BEGIN Records supplied

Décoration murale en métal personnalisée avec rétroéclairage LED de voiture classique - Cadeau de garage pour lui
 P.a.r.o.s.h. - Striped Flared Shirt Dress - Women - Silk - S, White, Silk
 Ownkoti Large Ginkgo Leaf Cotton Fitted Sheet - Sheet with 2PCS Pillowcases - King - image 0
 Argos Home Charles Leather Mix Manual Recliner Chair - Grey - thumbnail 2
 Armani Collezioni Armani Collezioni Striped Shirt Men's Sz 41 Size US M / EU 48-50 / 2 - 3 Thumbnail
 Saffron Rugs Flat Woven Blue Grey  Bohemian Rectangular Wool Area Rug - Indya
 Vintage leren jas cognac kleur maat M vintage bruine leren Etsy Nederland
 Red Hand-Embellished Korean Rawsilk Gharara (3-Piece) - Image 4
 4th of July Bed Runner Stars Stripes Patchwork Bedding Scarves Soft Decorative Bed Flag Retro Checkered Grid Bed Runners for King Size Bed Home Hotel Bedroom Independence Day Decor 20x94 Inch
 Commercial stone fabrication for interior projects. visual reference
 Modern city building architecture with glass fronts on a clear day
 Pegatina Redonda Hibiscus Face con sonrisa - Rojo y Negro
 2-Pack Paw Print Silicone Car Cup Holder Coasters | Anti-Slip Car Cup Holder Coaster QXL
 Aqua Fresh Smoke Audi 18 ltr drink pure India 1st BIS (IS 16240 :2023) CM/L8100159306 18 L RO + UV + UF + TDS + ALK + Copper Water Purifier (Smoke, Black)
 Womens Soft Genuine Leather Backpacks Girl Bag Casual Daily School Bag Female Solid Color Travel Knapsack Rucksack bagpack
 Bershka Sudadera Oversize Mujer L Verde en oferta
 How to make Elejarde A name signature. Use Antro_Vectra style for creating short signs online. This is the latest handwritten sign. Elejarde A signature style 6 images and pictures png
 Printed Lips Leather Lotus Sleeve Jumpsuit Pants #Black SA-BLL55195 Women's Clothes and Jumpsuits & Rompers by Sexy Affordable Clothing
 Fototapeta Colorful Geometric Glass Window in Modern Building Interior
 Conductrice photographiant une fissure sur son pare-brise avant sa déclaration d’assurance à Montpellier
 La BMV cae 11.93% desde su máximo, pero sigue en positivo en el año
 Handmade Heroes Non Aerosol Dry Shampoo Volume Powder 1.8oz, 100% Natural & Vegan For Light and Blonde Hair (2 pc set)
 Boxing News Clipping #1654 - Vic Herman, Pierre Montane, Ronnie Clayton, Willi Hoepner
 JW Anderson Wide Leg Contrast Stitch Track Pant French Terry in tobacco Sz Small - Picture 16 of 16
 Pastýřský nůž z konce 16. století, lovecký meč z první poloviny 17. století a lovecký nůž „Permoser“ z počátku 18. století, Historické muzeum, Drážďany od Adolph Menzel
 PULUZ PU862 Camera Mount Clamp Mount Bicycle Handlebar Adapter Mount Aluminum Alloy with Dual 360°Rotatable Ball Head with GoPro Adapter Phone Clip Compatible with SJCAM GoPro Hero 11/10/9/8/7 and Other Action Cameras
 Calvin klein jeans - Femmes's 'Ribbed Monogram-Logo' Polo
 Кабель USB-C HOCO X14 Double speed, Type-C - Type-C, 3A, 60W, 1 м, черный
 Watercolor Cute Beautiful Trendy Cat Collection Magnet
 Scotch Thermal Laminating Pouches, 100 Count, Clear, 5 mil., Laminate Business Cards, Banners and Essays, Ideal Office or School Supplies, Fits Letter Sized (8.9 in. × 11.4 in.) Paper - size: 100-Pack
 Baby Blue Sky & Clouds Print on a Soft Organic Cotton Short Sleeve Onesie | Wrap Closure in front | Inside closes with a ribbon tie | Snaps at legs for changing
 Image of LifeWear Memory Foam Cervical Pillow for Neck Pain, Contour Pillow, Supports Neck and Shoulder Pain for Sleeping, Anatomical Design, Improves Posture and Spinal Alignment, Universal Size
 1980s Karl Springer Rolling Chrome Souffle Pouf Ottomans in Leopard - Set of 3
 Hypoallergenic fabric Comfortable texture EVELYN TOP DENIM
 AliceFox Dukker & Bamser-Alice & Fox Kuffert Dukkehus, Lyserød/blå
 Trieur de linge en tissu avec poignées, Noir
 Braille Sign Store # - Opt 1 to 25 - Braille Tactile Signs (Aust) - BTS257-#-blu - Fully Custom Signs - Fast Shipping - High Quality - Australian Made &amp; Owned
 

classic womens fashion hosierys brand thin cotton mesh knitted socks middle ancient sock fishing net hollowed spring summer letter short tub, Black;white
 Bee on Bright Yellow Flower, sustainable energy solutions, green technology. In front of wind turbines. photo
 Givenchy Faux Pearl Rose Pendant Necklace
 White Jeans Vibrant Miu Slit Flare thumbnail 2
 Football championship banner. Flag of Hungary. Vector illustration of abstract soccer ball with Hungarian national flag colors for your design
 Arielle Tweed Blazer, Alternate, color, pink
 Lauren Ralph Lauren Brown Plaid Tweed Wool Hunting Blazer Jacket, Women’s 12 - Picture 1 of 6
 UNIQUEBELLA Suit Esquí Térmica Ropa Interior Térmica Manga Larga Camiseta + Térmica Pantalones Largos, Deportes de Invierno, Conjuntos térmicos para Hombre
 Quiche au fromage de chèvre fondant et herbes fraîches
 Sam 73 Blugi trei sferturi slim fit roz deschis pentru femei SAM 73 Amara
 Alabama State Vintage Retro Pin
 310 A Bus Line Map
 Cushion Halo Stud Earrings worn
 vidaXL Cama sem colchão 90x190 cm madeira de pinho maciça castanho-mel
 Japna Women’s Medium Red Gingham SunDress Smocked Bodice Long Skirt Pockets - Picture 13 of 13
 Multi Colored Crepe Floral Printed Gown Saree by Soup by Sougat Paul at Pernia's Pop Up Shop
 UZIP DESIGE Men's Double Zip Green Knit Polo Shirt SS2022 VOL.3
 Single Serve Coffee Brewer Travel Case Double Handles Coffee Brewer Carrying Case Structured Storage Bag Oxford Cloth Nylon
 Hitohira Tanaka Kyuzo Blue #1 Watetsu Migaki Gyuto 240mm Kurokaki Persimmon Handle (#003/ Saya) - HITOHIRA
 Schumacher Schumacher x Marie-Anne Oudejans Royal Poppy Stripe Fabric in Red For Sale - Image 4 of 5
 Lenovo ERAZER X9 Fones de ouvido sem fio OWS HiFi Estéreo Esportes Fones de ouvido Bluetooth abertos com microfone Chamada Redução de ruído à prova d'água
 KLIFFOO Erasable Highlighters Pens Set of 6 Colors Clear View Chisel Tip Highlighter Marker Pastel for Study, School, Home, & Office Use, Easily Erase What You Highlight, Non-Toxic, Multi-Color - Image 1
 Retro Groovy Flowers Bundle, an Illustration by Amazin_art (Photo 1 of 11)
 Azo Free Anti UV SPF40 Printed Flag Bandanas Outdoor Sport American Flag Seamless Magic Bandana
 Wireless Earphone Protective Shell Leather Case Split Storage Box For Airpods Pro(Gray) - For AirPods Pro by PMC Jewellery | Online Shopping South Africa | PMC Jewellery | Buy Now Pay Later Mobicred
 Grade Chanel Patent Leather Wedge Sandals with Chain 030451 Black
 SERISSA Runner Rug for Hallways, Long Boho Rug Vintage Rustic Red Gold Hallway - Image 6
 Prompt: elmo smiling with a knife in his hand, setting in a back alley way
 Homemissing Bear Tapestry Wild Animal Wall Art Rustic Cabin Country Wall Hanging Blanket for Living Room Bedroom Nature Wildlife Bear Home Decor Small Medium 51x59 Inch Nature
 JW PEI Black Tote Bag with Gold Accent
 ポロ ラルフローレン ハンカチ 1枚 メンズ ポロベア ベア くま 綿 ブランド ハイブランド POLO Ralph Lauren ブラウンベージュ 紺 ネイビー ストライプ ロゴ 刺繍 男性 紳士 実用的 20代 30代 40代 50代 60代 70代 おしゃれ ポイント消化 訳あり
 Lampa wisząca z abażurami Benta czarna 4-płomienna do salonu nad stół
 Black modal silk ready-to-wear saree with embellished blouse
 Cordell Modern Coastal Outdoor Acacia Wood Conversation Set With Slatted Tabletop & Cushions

END Records supplied

What to work on
Each line that holds the word "Gold" should be extracted from the records.

Exercise answer
 SERISSA Runner Rug for Hallways, Long Boho Rug Vintage Rustic Red Gold Hallway - Image 6
 JW PEI Black Tote Bag with Gold Accent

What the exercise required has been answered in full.